El encuadre padece de un impulso angustioso aunque solapado por no perder el relato del mundo al que pertenece ni su consistencia, y mi impulso se confunde con aquel del encuadre del lente que tomara esa foto, y mi experiencia, nietzscheanamente –podríase decir– se precipita en el espacio-tiempo cambiante y mortal abierto entre el gesto impulsivo circunscriptor, emplazante, sujetante del encuadre de la piluchez y la explosiva vida en movimiento, acosada insistentemente por un ocaso que nunca será experimentable porque solamente somos vida, la muerte es de los otros.      

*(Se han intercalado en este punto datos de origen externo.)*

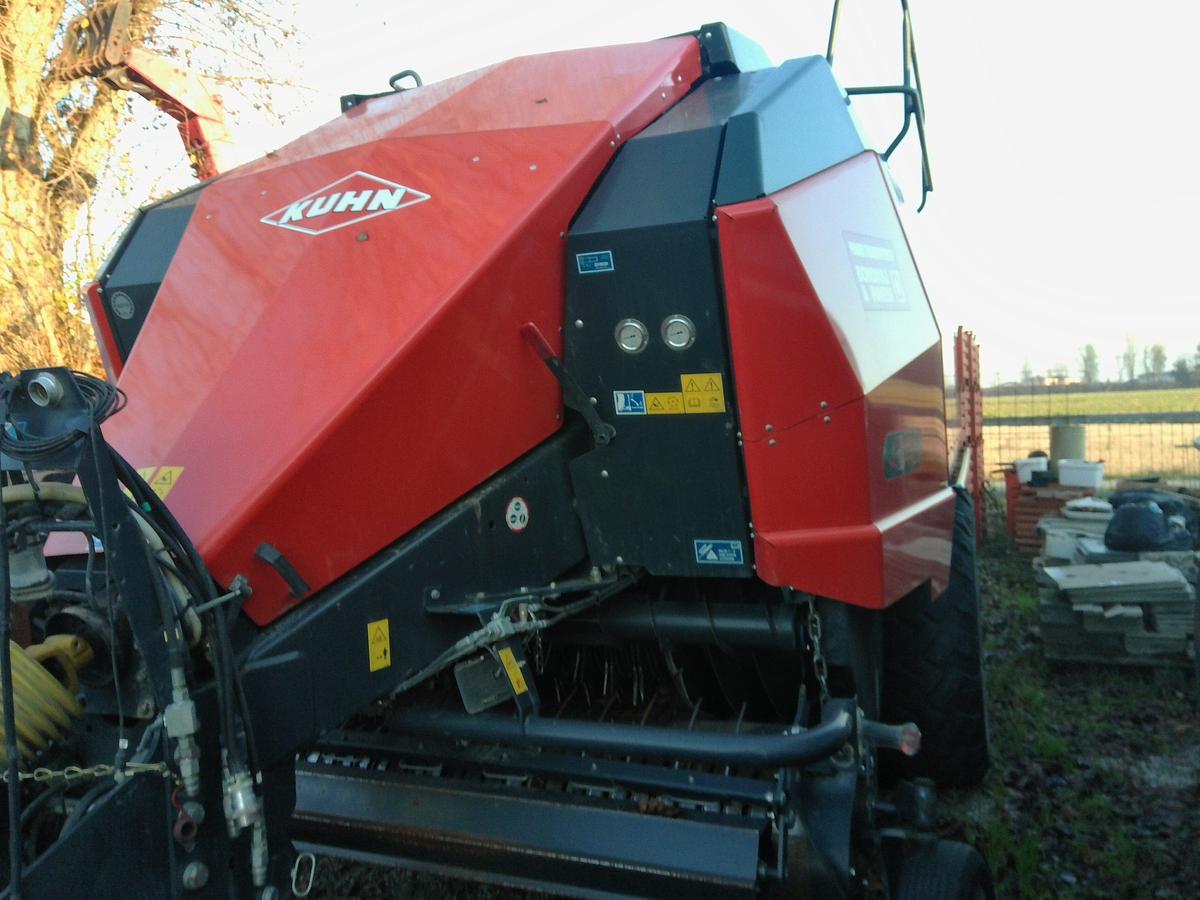 Usato BIG BALLER KUHN 1290 ID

No recuerdo a quién parafraseo al escribir que la ropa sirve para ocultar que no hay nada que ocultar, pero es similar a sostener que la piluchez es para mostrar que no hay nada (más) que mostrar, que ofrece el límite de la singularidad expuesta a todos los otros límites intrascendentes y singulares –compartiendo el acá– también en la exposición, como en la comunidad blanchotiana figurada entre los amantes, testimonio de la fragilidad de lo cuerpo que somos, tocantes en el límite, siempre en diferencia nunca en común unidad. Que la ropa es como el encuadre, la captura de la intensidad en un orden determinado, una inscripción violenta en el lenguaje. Lo que no significa quedarnos en la jaula del binario, entre la celebración acrítica de pura exposición, diferencias y dispersión por un lado, y el odio contra las capturas fotográficas; no es para abrazarnos piluchos en el nihil tan nutritivo para el “postcinismo” vigente: ya no actuamos como ignorando, actuamos como desengañados pese a la evidente consistencia que sigue tomando el mundo. No hay ya piluchez posible porque no provenimos de una piluchez originaria. Lo que hay es un proceso de atravesamiento material y conflictivo entre la piluchez brotante y múltiple y la violencia incansable de los encuadres; eso, si se quiere, da a ver la imagen de la piluchez hasta mi experiencia de cuerpo. La actividad del desencuadre es permanente y está abierta al porvenir.

_______

[*] Investigador y docente universitario

[1]  Jacques Derrida, El animal que luego estoy si(gui)endo (Madrid: Trotta, 2008).
[2] Georges Didi-Huberman, Lo que vemos, lo que nos mira (Buenos Aires: Manantial, 1997).